What impact has the pandemic had on the role of data in your company/organisation?
ZestMoney has been a data-driven company with an advanced stage of predictive analytics and AI capabilities, even before the pandemic started. It’s a BNPL (buy now, pay later) platform operating in the Indian market. The Indian consumer is consuming digital products and services at a phenomenal rate, faster than any population in history. Increasingly people consume news, entertainment, healthcare and education in a digital format, having by-passed offline services completely.
This pace of digital adoption is enabling cheap, fast last-mile delivery of many of these services to consumers, even in remote locations, democratising access to everyone irrespective of income level or geography. Financial products are not an exception. Covid-19 has accelerated the demand for digital BNPL offerings in India and we have been well placed to benefit. Our fully-automated, AI-based decision engine allowed us to manage credit risk smoothly despite a turbulent economic backdrop and our key machine learning algorithms demonstrated a high level of stability and robustness, even at this challenging time.

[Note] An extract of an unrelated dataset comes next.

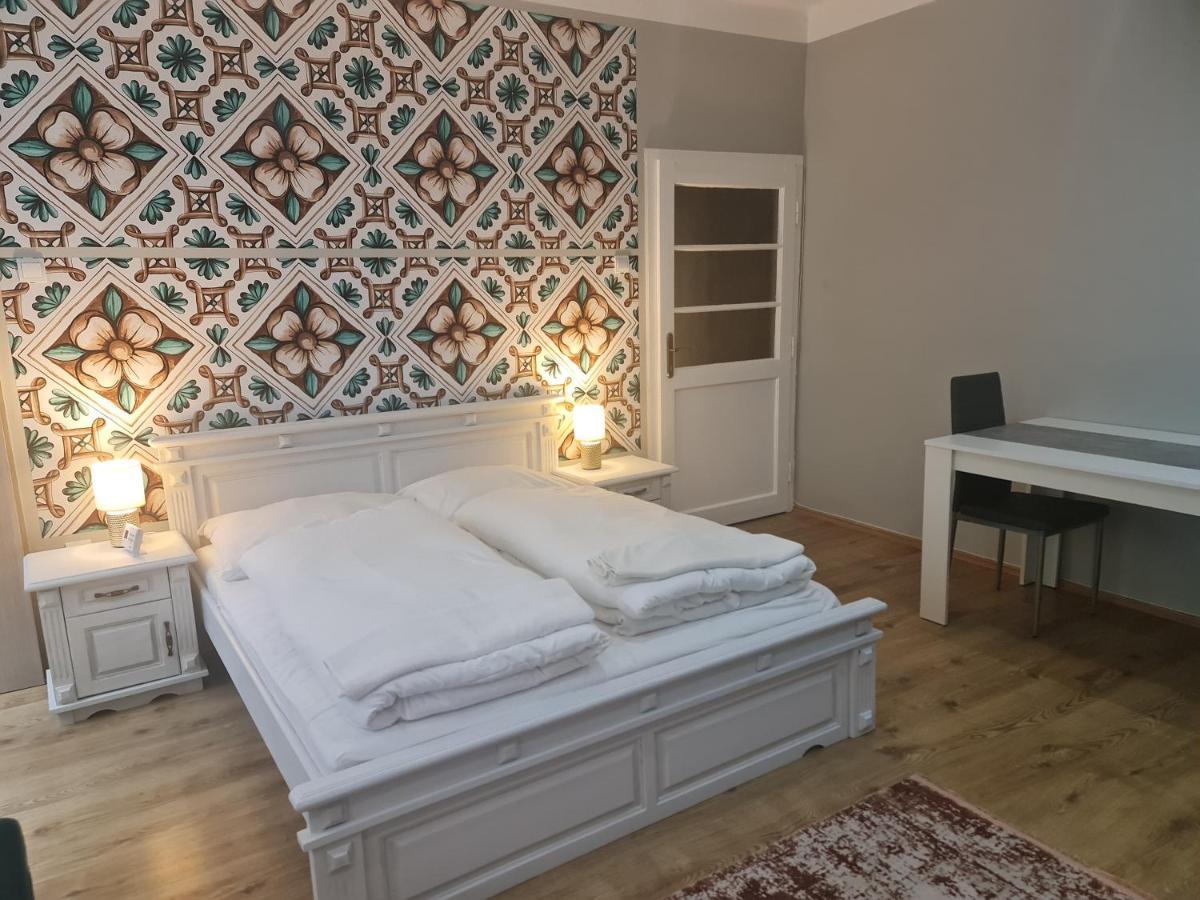 Huerrem Apartman Eger Eksteriør billede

Does data now have a seat at the table during strategic discussions? If not, what will it take to get it there?
Data at ZestMoney not only has a seat at the table during strategic discussions, but it also drives what strategic discussions need to take place. ZestMoney’s data and AI team is omnipresent across the company, with various use cases across all functions. Data and AI capabilities at ZestMoney are among our key competitive advantages on the market, they have been built with a purpose to deliver value for our customers and business at scale.
This is driven by the need to be agile and responsive in a very dynamic environment in which financial technology companies – and ZestMoney in particular – operate: customer expectations are increasing day-by-day, technology advances to respond to these expectations, fraudsters get smarter and more sophisticated, and the regulatory environment rapidly evolves.
What are your key areas of focus for data and analytics in 2022?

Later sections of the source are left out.